■ PROBLEM REQUIREMENTS
Your copy of the lines below must match them exactly and contain no images.

■ DATA
──────
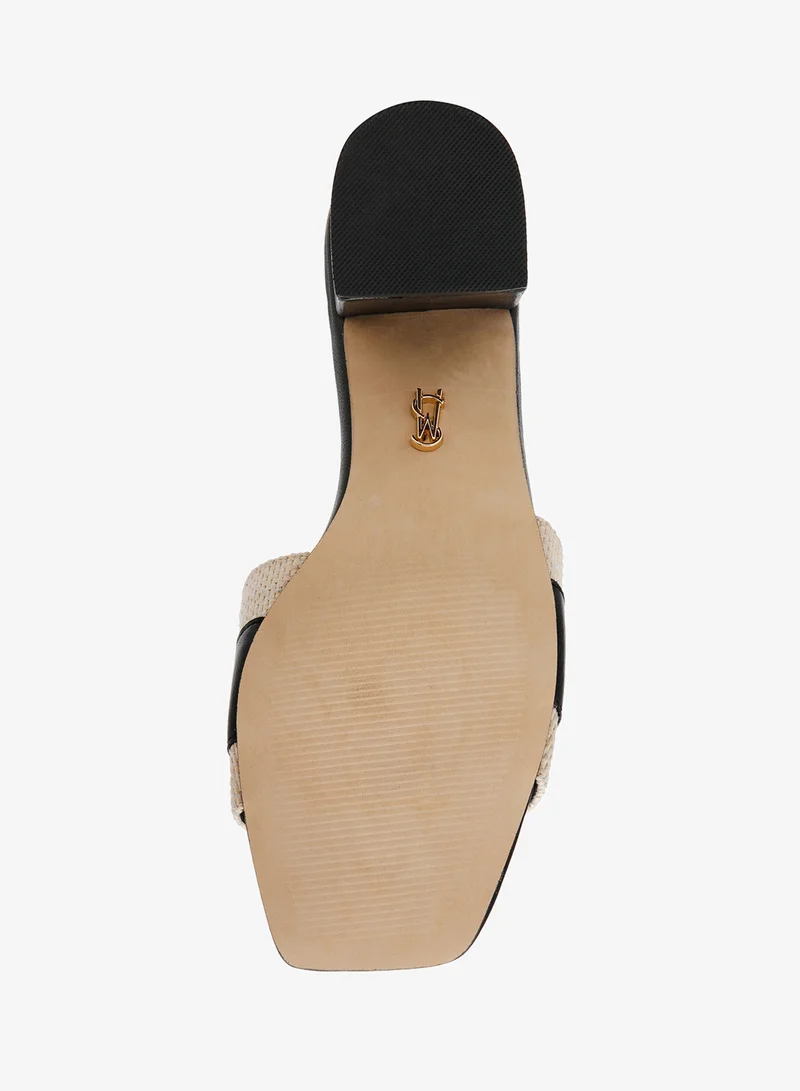 STEVE MADDEN  Nappa Leather Bone Raffia Detailing Sandals for Women | Best Price UAE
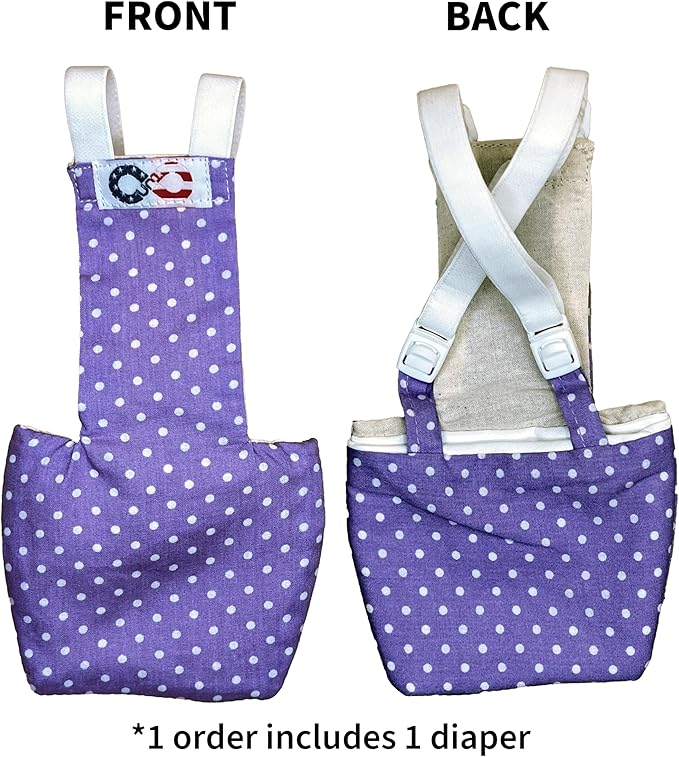 Chicken Diapers Duck Diaper Diaperalls for Hens, Roosters, Ducks, Ducklings - Reusable, Adjustable by Uni Infinity (Lavender Polka Dots, Duck Small, 1, Count)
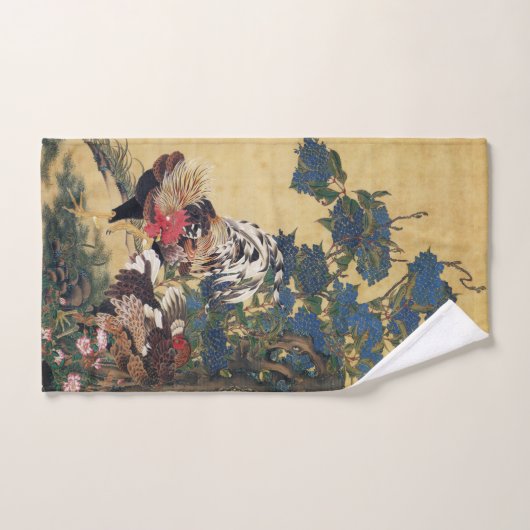 Beaux coq et poule multicolores (Serviette à main)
──────
■ SOLUTION TO THIS PROBLEM
 STEVE MADDEN  Nappa Leather Bone Raffia Detailing Sandals for Women | Best Price UAE
 Chicken Diapers Duck Diaper Diaperalls for Hens, Roosters, Ducks, Ducklings - Reusable, Adjustable by Uni Infinity (Lavender Polka Dots, Duck Small, 1, Count)
 Beaux coq et poule multicolores (Serviette à main)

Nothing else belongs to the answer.